Disclosure requirements must be comprehensive. Investment firms using AI and machine learning models should abide by basic disclosures with clients. The SEC's proposal addresses conflicts of interest arising from AI use, requiring firms to evaluate and mitigate conflicts associated with their use of AI and predictive data analytics.
SEC Chair Gary Gensler emphasised that “Investor protection requires that the humans who deploy a model put in place appropriate guardrails” and “If you deploy a model, you've got to make sure that it complies with the law.” This human accountability remains crucial, even as systems become more autonomous.

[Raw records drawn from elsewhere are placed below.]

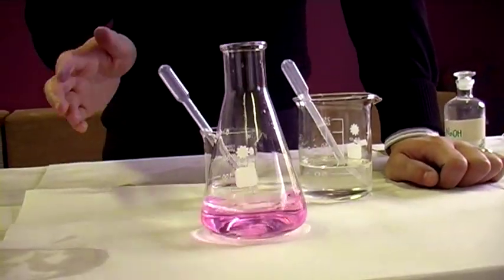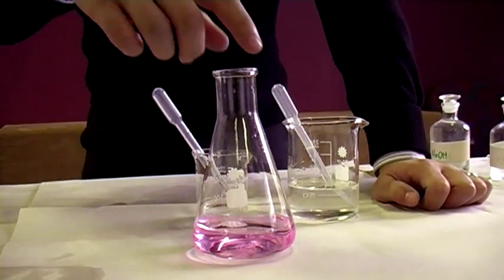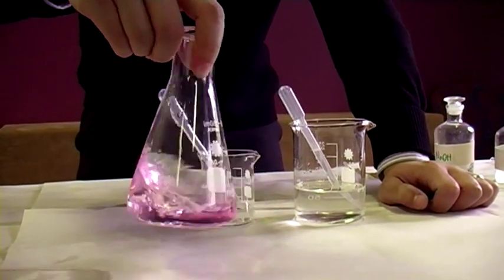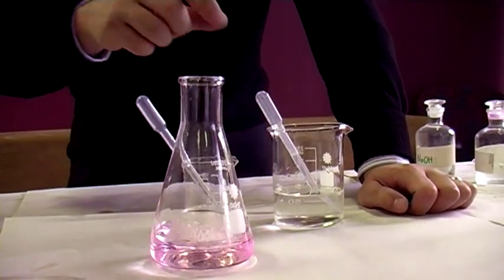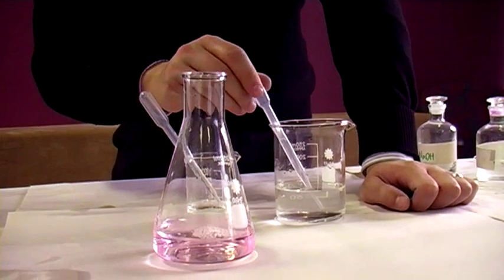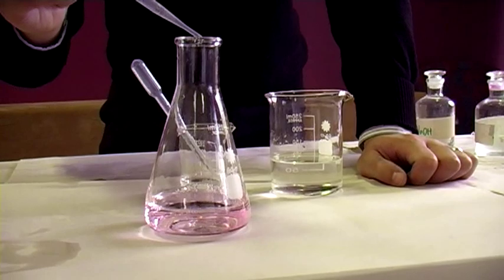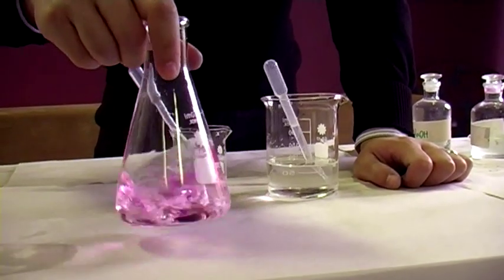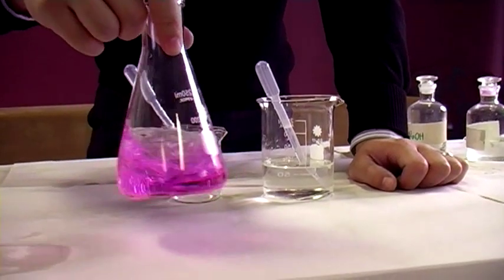Also, if I was doing this titration properly, I would also get the distilled water bottle and give it just a rinse along the sides, just to ensure that I'm not missing any moles of the acid or the base. One more drop, and that should lead to a permanent colour change. I'm pretty sure this will be permanent.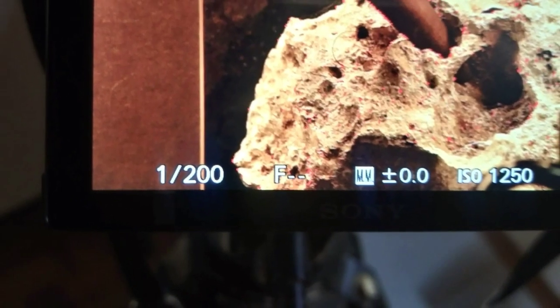You can see as it traverses the field of focus, the view changes. Thanks to Sony for helping visually impaired people get better pictures.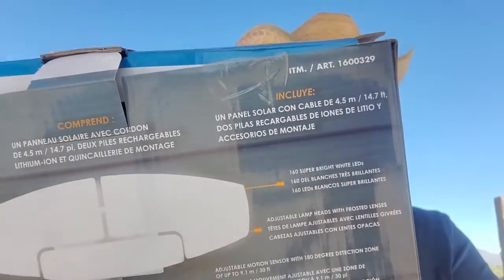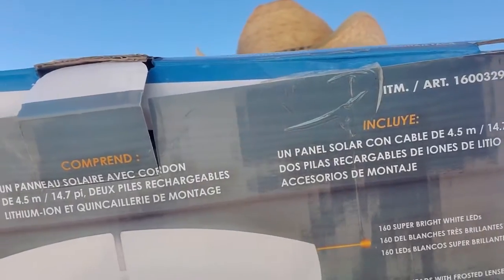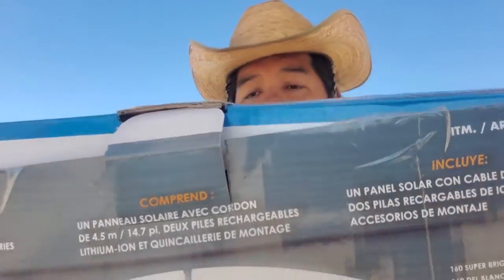Another thing is if you pair them with your security cameras — a lot of security cameras are motion sensing also — so once one of those lights kicks on, the security camera will also send you an alert. It's really helpful to have motion sensing lights. This one is two thousand lumens and as your motion sensing light, it's not that big.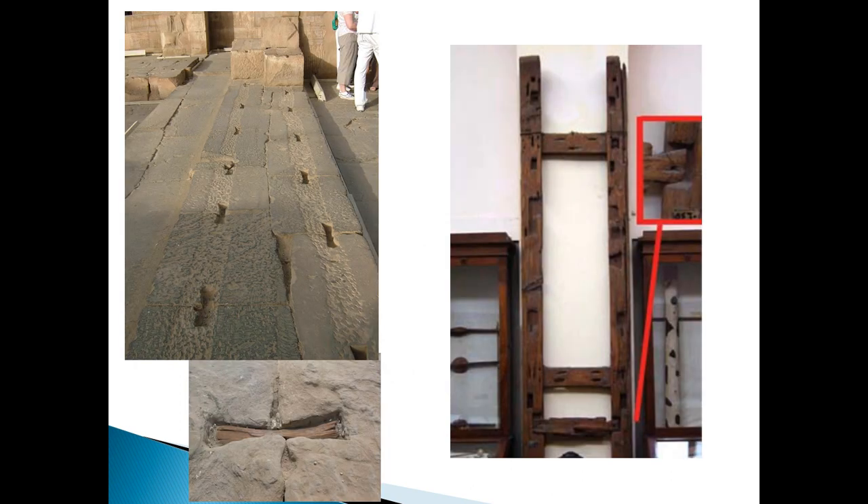To date, the dovetail technique has been shown in the Middle Kingdom ships, despite builders and carpenters commonly using dovetail tenons to secure seams in ancient Egypt as early as the Fourth Dynasty in furniture, boxes, coffins, sledges, and between sump blocks from the New and later kingdoms.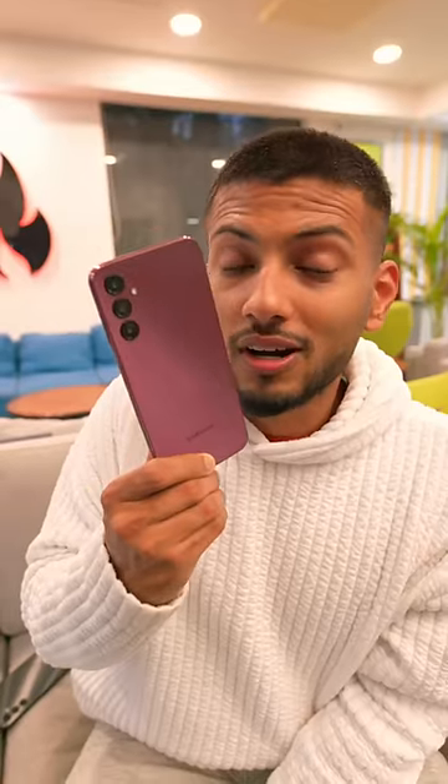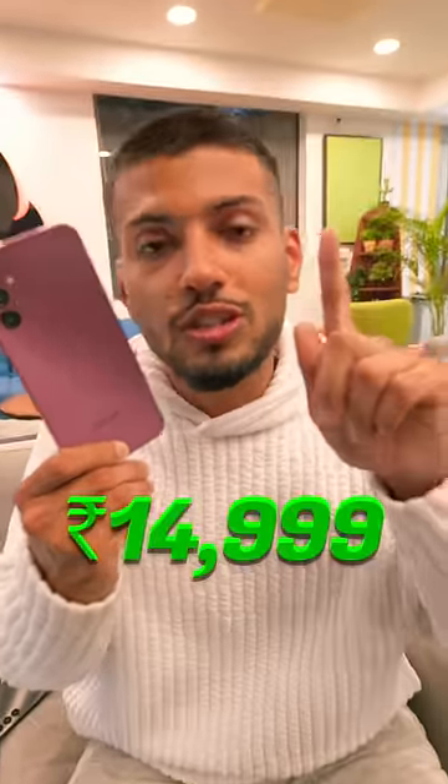We played a game on it and it performed well. With the budget, we got a great smartphone. One more thing — the price is $14.99.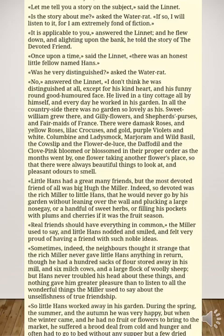Little Hans had a great many friends, but the most devoted of all was big Hugh the miller. Indeed, so devoted was the rich miller to little Hans that he would never go by his garden without leaning over the wall and plucking a large nosegay, or a handful of sweet herbs, or filling his pockets with plums and cherries if it was the fruit season. 'Real friends should have everything in common,' the miller used to say, and little Hans nodded and smiled, and felt very proud of having a friend with such noble ideas.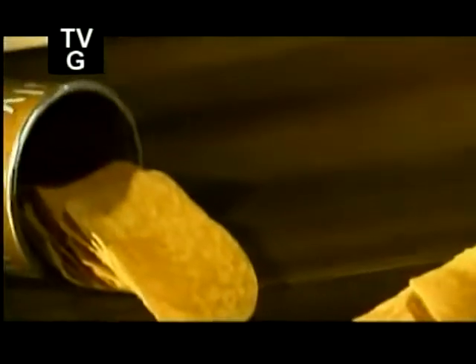It's a snack that's made to stack. Unlike other chips that come in irregular shapes and sizes, these chips have a uniform concave shape that allows them to tightly interlock and fit neatly in a tubular container.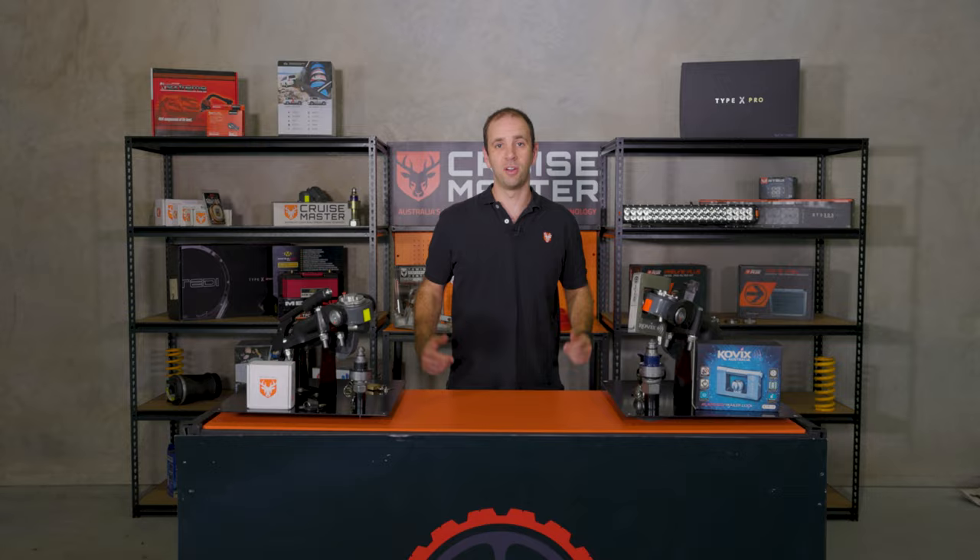Hi guys, I'm Andrew from CruiseMaster and today we're going to be talking about caravan security. Whether your caravan or camper trailer is currently sitting on your driveway waiting for its next adventure or you're already out on holiday, it's important to make sure that your caravan or camper trailer is secure.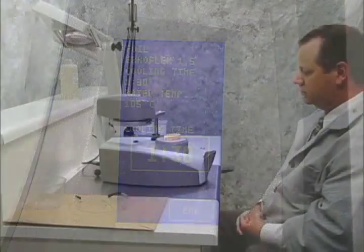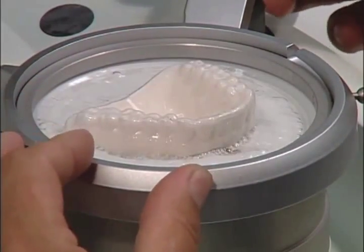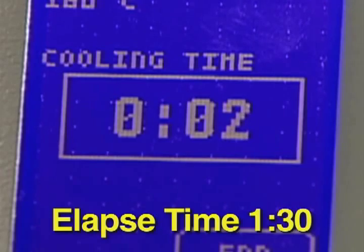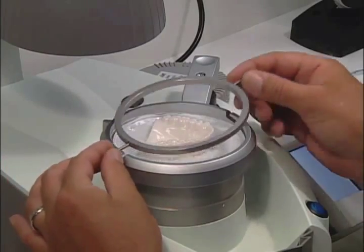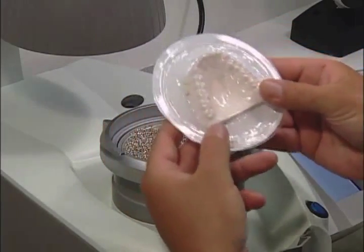Once the correct temperature is reached, you will hear a continuous signal and then the heating unit will turn off. Rotate the foil reception away from the heating unit and immediately over the model. Firmly press down on the foil reception to complete thermoforming. The cooling time will begin to count down. When completely cooled, remove the foil securing ring and take out the model with the foil disc. The thermoforming is now complete.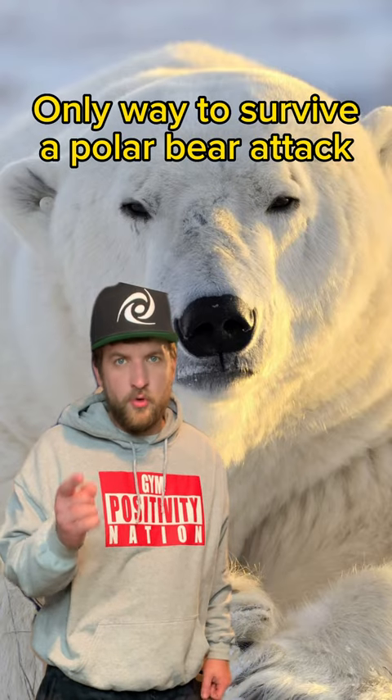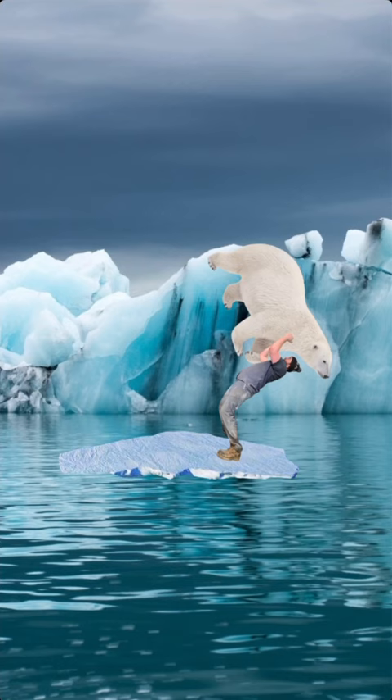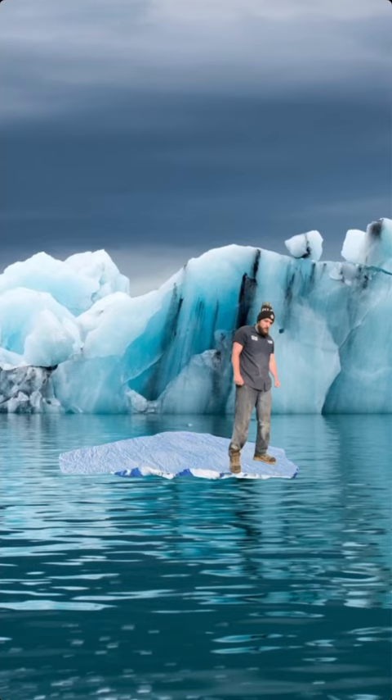This is the only way you can survive a polar bear attack. As soon as it gets close enough, grab it, suplex it, hold it in the water for a minute or two, then let go. Once it comes back up for air, throw punch it to finish it off. I'm an expert on polar bears, this is the only way you can survive this.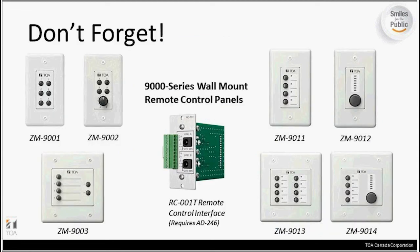Coming up to the end of the webinar, a quick reminder on some of the other wall control units we have available. These are designed specifically for the M9000 series and the M9000 M2 mixer and amplification systems, one of our standard DSP units. They can also work with our M864D digital amplifier — they don't require the RC001T remote control interface for connecting to the M864, but they do require that interface for connection to the M9000 series. These are all preset panels dictated by the programming in the M9000, and that is a completely different webinar.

The SEC, the North American Securities Administrators Association, and FINRA jointly warned that bad actors are using the growing popularity and complexity of AI to lure victims into scams. Investors should remember that securities laws generally require securities firms, professionals, exchanges, and other investment platforms to be registered. Red flags include high-pressure sales tactics by unregistered individuals, promises of quick profits, or claims of guaranteed returns with little or no risk.
Beyond regulatory requirements, platforms need practical safeguards. Firms like Morgan Stanley are implementing guardrails by limiting GPT-4 tools to internal use with proprietary data only, keeping risk low and compliance high.
Specific guardrails and disclaimers that should be standard include:
Clear Performance Disclaimers: AI-generated insights should carry explicit warnings that past performance does not guarantee future results, and that AI models can fail during unprecedented market conditions.
Confidence Interval Disclosure: Platforms should disclose confidence levels or uncertainty ranges associated with AI predictions, as Tickeron does with its Confidence Level system.
Data Source Transparency: Investors should know what data sources feed the AI models and how recent that data is, particularly important given how quickly market conditions change.
Limitation Acknowledgements: Clear statements about what the AI cannot do, such as predict black swan events, account for geopolitical shocks, or guarantee returns.
Human Oversight Indicators: Disclosure of whether human experts review AI recommendations and under what circumstances human intervention occurs.
Conflict of Interest Statements: Explicit disclosure if the platform benefits from directing users toward certain investments or products.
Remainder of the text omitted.